Cory Mantyka

Profile
- Position: Offensive tackle

Personal information
- Born: May 31, 1970 (age 55) Saskatoon, Saskatchewan, Canada

Career information
- College: Jamestown College

Career history
- 1993–2005: British Columbia Lions

Awards and highlights
- 2× Grey Cup champion (1994, 2000); CFL West All-Star (2004);
- Stats at CFL.ca (archive)

= Cory Mantyka =

Canadian gridiron football player (born 1970)
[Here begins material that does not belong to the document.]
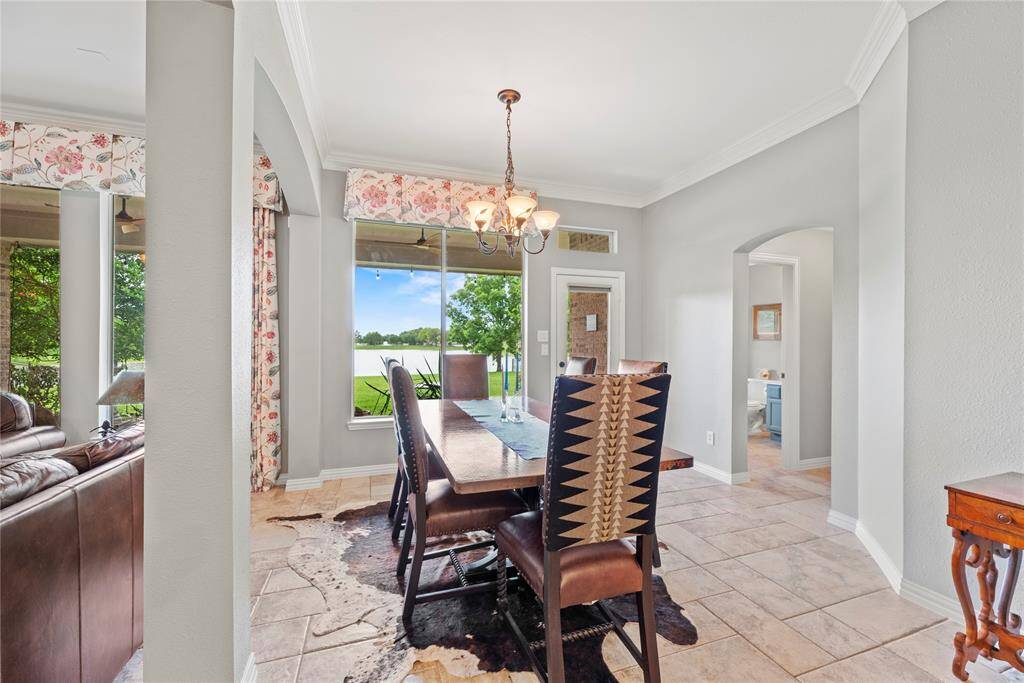 View from the kitchen into the breakfast nook, featuring large windows with scenic views of the backyard and lake.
Cory Mantyka (born May 31, 1970) is a Canadian former professional football player with the Canadian Football League (CFL)'s the British Columbia Lions. After playing college football at Jamestown College as defensive lineman, Mantyka spent the majority of his 13-year CFL career as an offensive lineman. Mantyka started out on special teams his first year, clocking an amazing 4.65 40 yard dash at 265 lbs. In his second season he spent time on both sides of the ball, as well as still contributing as a special teams player. In his third season he settled in on the offensive line where he was a mainstay and leader for the rest of his career. His 203 regular seasons starts puts him near the top of a short list of legends to have played over 200 games. He was named CFL Western All-Star in 2004 and was a part of the Lions Grey Cup victories in 1994 and 2000.